Less than 6pc of foreign-held water entitlement was in the form of leases (contractual rights), while less than 3pc of foreign held water was irrigation rights, issued by irrigation infrastructure operators.
More than 1800 GL of foreign-held water entitlement is within the Murray-Darling Basin, which is 9.4pc of the total Murray-Darling Basin water entitlement on issue. The Murray-Darling Basin in turn has just over 51pc of the total water entitlement on issue in Australia.
More than 81pc of foreign-held water entitlement is held within Australian incorporated entities.
On a state and territory basis, New South Wales/ACT had the greatest amount of foreign-held interest in water entitlement on issue by volume, accounting for 1306 GL. Queensland had the next largest portion by volume, with 1219 GL, followed by Western Australia with 995 GL. The remaining states and territories all had individual totals less than 250 GL.
Almost one fifth of all groundwater across NSW is foreign-owned, while Victoria registers one of the lowest levels of foreign ownership, with just 2.3pc of groundwater and 2.7pc of surface water held by overseas entities.
Surface water in the northern basin is significantly more likely to be under foreign ownership than that in the southern basin, with 21.9pc of surface water foreign-owned in the north, compared to 5.5pc in the south.
Like its companion register covering land ownership, the Register of Foreign Ownership of Water was established to provide greater transparency about the level of foreign ownership of Australia’s water entitlements.
The report released this month is the first, in what will grow into an annual series.

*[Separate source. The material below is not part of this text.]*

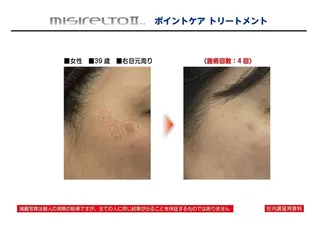 ANGEL NAIL所属・RE:BORN 大阪四條畷市のエステ・リラクイメージ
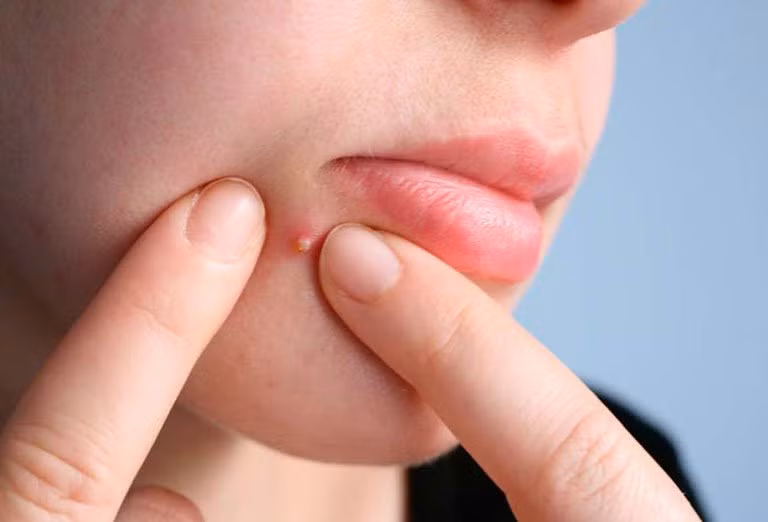 Cach xu ly khi bi nhot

The Commissioner of Taxation will now report annually to the Treasurer on the operation of the Register of Foreign Ownership of Water or Agricultural Land Act 2015, and is required to publish aggregate statistics of foreign ownership each year.
The ATO reports on data from the Register in aggregated format only, and does not identify individual owners.
To calculate the proportion of foreign interests in water entitlements, a benchmark measure of the total water entitlements on issue in Australia was used, taken from BOM’s Water Market Dashboard, which collates Australian water entitlements on issue under the Federal Water Act.